THE INPUT:
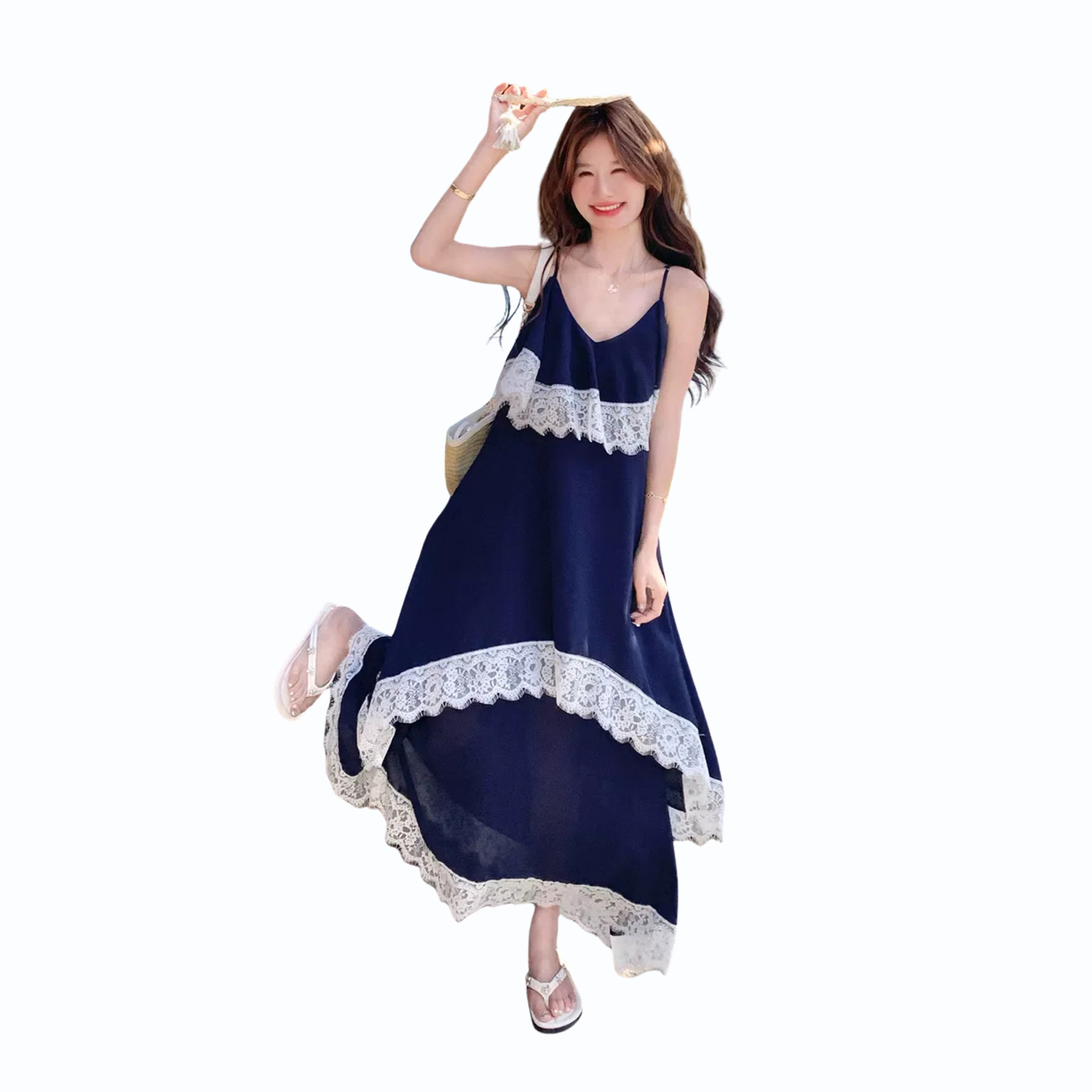 シフォンマキシワンピース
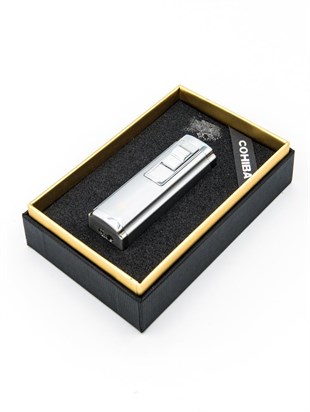 Cohiba 3 Torch Pürmüz Gümüş Puro Çakmağı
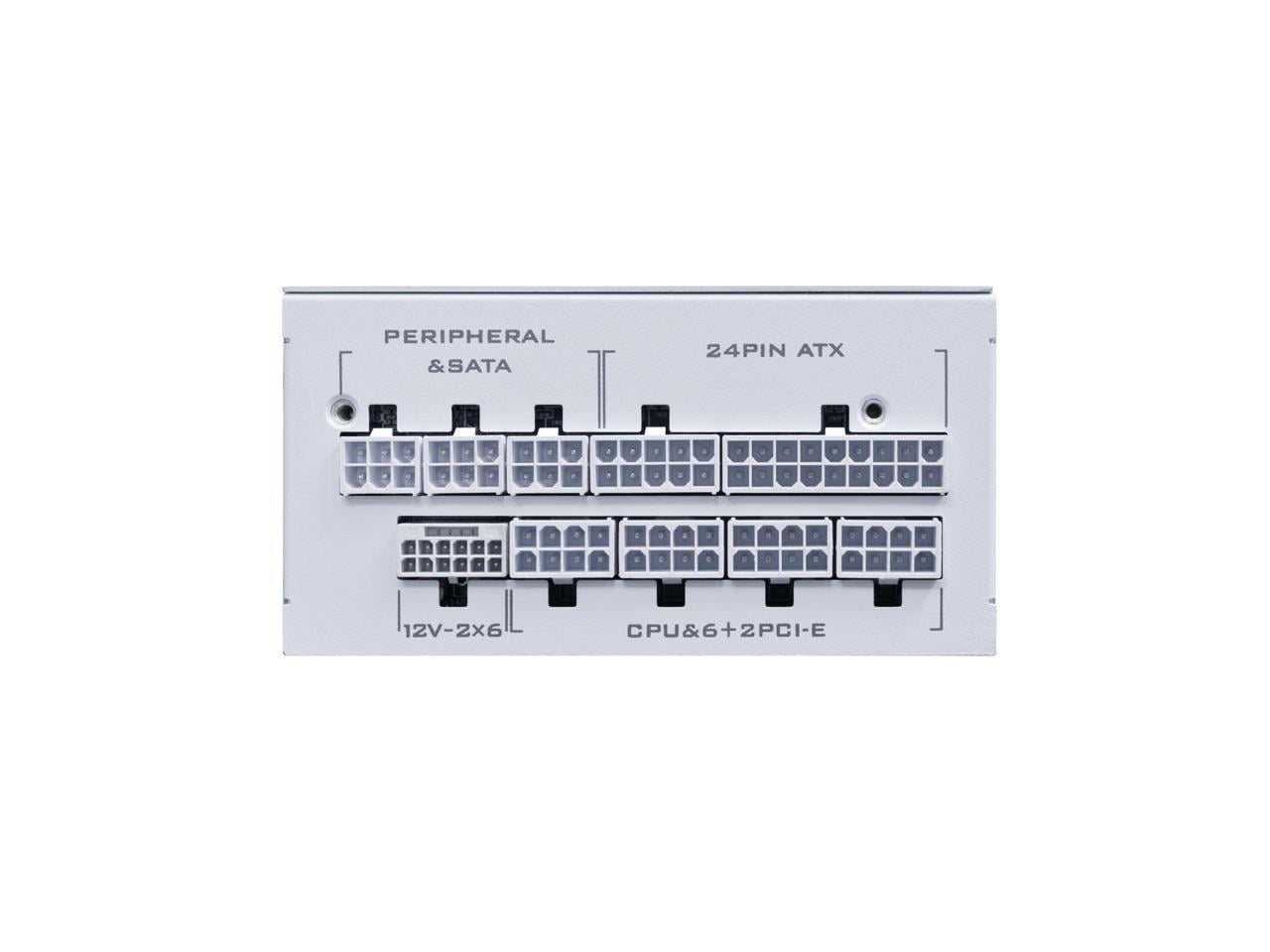Lian Li SP Platinum 1000W SFX Form Factor Power Supply with 12V-2x6 Connectors - ATX 3.1 & PCIE 5.1 Compliant - Low-Noise - Fully Modular - 105°C Capacitors - 10 Year Warranty - White (SP1000P.W)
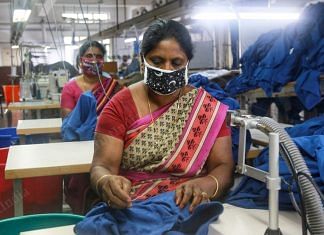 The factories in Tiruppur have opened up with all kind of safety measures. | Photo: Manisha Mondal/ThePrint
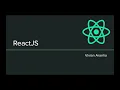 ReactJS Part 5 Building React Elements Getting Started with ReactJS Learn in 15 Minutes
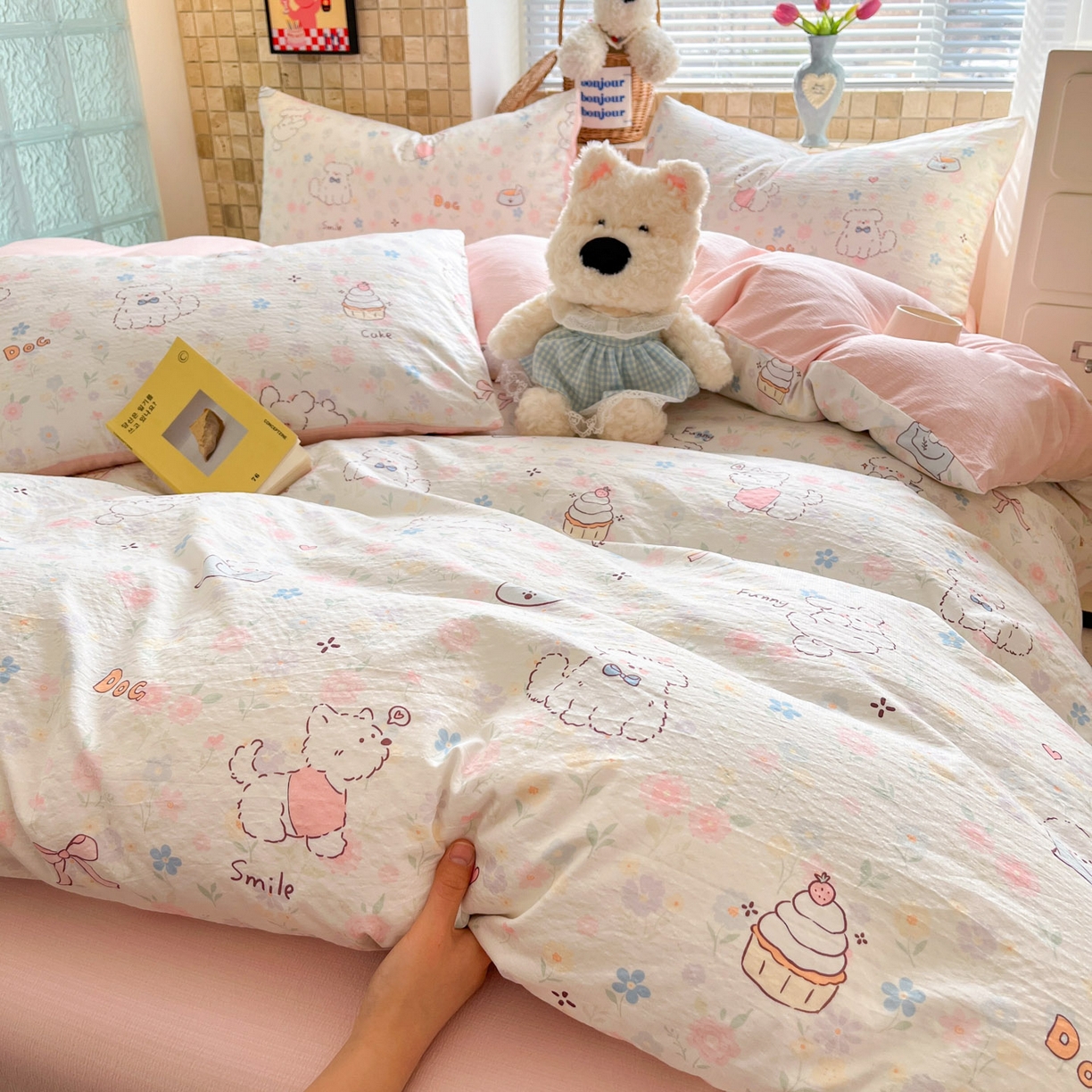 91家纺网 家纺一手货源 找家纺 （总）川悦生活 2026新款云感双层纱木棉四件套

PROBLEM DESCRIPTION:
Begin with the line containing "ReactJS Part 5" and end with the last line of the entries above. Copy those lines exactly, both ends included, and drop every picture.

RESULT FOR THIS EXERCISE:
 ReactJS Part 5 Building React Elements Getting Started with ReactJS Learn in 15 Minutes
 91家纺网 家纺一手货源 找家纺 （总）川悦生活 2026新款云感双层纱木棉四件套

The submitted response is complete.